CGUARD: an input guardrail that survives leetspeak and zero-width tricks
Prompt injection rarely arrives in plain English. CGUARD normalizes the evasion first — whitespace, leetspeak, zero-width characters — then scans for jailbreaks, overrides, and system-prompt exfiltration.
The naive prompt-injection filter loses to a five-minute workaround: insert a zero-width space, swap an 'o' for a '0', pad with newlines, and the regex that caught 'ignore previous instructions' sails right past 'ignore prev1ous 1nstructions'. CGUARD assumes the attacker knows this, so it normalizes before it matches — collapsing whitespace, folding leetspeak, stripping zero-width characters — and only then runs the scan.
What it scans for is the real catalogue: DAN-style jailbreaks, developer-mode prompts, instruction overrides detected by verb-plus-noun co-occurrence rather than fixed strings, and attempts to exfiltrate the system prompt. The return is structured — a verdict, a category, and the matched span — so your app can log the category, show the user a clean refusal, and route the rest onward.

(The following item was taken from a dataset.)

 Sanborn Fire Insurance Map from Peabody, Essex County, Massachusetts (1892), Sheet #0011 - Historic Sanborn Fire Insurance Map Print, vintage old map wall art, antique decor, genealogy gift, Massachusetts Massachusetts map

Five stages score every write before it can ever be served.
It runs as a command, CGUARD, which means it composes anywhere: in front of a cache write, in front of a model call, or as a standalone gate in a pipeline that isn't even using Crowkis for caching yet. No model call, no egress — the detection is deterministic and local, so it costs microseconds and leaks nothing.
The bottom line
A guardrail is only worth shipping if it assumes an adversary, not a typo. CGUARD is built for the person actively trying to break your agent, which is exactly the person a string-match filter was never going to stop.